### [WHAT IS REQUIRED]
Below are records; copy exactly the line containing "Image of KAMRUI" and every line after it, through the last.

### [TASK DATA]
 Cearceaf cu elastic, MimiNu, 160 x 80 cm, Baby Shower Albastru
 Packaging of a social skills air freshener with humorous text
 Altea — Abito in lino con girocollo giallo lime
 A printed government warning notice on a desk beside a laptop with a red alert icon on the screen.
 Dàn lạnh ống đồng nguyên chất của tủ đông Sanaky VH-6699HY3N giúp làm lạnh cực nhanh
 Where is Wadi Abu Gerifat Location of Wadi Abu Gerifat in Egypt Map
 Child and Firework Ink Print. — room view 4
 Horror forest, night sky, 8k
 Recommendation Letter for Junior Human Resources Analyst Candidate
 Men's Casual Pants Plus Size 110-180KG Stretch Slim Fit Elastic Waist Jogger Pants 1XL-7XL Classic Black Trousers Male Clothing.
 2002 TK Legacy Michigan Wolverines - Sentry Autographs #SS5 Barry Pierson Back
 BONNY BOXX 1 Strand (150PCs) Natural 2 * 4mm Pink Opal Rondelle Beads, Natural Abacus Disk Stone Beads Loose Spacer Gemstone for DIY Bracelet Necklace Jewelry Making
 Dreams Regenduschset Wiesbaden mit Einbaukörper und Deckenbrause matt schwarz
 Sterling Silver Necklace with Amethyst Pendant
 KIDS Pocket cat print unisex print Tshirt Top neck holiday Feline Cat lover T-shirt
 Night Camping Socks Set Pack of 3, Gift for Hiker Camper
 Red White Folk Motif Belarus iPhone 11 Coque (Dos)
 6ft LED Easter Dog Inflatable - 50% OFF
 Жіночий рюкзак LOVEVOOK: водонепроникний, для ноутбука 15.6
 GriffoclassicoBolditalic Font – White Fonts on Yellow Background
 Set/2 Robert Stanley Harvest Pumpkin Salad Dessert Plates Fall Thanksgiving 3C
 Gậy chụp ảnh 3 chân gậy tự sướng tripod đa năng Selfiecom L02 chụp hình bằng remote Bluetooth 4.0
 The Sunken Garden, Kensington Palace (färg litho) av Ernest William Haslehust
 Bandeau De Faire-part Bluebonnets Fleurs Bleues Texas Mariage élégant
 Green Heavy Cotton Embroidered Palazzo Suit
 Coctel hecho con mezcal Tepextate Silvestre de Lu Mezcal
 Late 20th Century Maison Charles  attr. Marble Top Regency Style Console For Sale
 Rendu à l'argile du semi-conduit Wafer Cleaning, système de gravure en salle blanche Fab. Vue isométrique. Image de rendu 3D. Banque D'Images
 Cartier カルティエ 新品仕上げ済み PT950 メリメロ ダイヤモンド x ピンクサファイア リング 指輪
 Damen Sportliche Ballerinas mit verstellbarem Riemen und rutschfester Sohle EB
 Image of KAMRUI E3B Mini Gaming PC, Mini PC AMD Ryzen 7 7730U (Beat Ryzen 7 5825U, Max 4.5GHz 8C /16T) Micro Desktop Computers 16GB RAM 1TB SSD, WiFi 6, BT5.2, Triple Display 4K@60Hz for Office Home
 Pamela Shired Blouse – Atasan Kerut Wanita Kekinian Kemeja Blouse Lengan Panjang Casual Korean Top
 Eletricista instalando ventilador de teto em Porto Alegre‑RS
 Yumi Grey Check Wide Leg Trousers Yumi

### [SOLVED EXERCISE]
 Image of KAMRUI E3B Mini Gaming PC, Mini PC AMD Ryzen 7 7730U (Beat Ryzen 7 5825U, Max 4.5GHz 8C /16T) Micro Desktop Computers 16GB RAM 1TB SSD, WiFi 6, BT5.2, Triple Display 4K@60Hz for Office Home
 Pamela Shired Blouse – Atasan Kerut Wanita Kekinian Kemeja Blouse Lengan Panjang Casual Korean Top
 Eletricista instalando ventilador de teto em Porto Alegre‑RS
 Yumi Grey Check Wide Leg Trousers Yumi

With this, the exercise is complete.